絵本『キツネと星』/友だちは必要だろうか。

2019-07-16 | 絵本

(ネタバレあり)

心に友だちがいれば強くなれると、感じる絵本でした。
 
 
夜空を見上げ、ひときわ輝くひとつの星を見つけたとき、その星が歩いている自分の後をついてきているみたいに思ったことはないでしょうか。それはまるで私を見守ってくれているかのようです。
 
 
この絵本の主人公であるキツネは森の奥に一匹で住んでいます。見上げる空にある星ひとつをたったひとりの友だちだと思います。ある日、星がいなくなってしまい、キツネは元気をなくして、閉じこもってしまいました。
 
 
友だちはいない。
 
 
自分がこの世界にひとりぽっちだと感じ、とても苦しく何もしたくなくなります。再び動き出すにはどうすればいいのでしょう。キツネが動き出せたのは周りからの刺激と、自分の欲求でした。 キツネは大きな声を出して、星を探し続けます。探し続ければ見つけられる。探さなければ決して見つかりません。
 
 
「みあげてごらん」キツネは気付きました。
 
 
その言葉に導かれてキツネが空を仰げば、無数の星が輝いています。たくさんの星の中に友だちの星もいると、キツネは感じとりました。 

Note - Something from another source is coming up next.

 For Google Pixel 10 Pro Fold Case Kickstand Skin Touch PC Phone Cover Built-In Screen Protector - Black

生きているものはだれでもひとりであり、またひとりではないのだと思います。周りにはたくさんの生が存在し自らもそのひとつだからです。
キツネはひとり、森に帰って行きますが、体中に星が光っていました。 孤独を経験し考え感じたことで、見えなかったたくさんの星が見えるようになったのだと思います。
 
 
 プレゼントによい本です。
 
 
抑えた色で描かれ、デザイン性が高く、落ち着いた美しさのある絵本です。うっそうとした森の様子やたくさんの生き物たちの息づかいが感じられます。

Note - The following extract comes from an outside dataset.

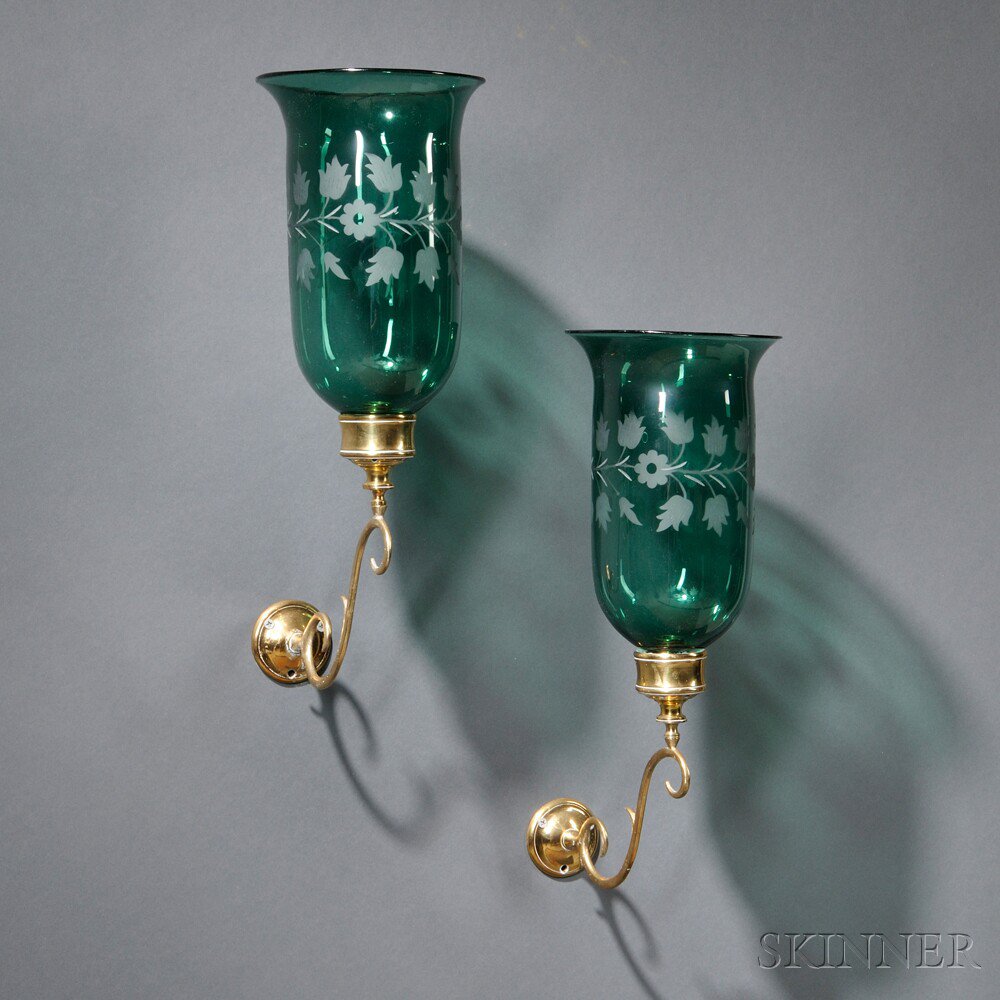 Appraisal: Pair of Brass and Etched Green Glass Candle Sconces America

虫がものすごく嫌いな人はダメかもしれません。リアルには描かれていませんが、コガネ虫がうごめいているのが上手に表現されているからです。
 
 
「大丈夫だよ」と伝えたい人に贈りたいです。
 
 
私の一番の友だちは死んだ愛犬です。人によっては猫だったり子どもの頃の友だちだったり大好きだったおばあちゃんだったりするかもしれません。そばにいなくても空に星がこんなにたくさんあるのだから、その中に友だちの星もきっといます。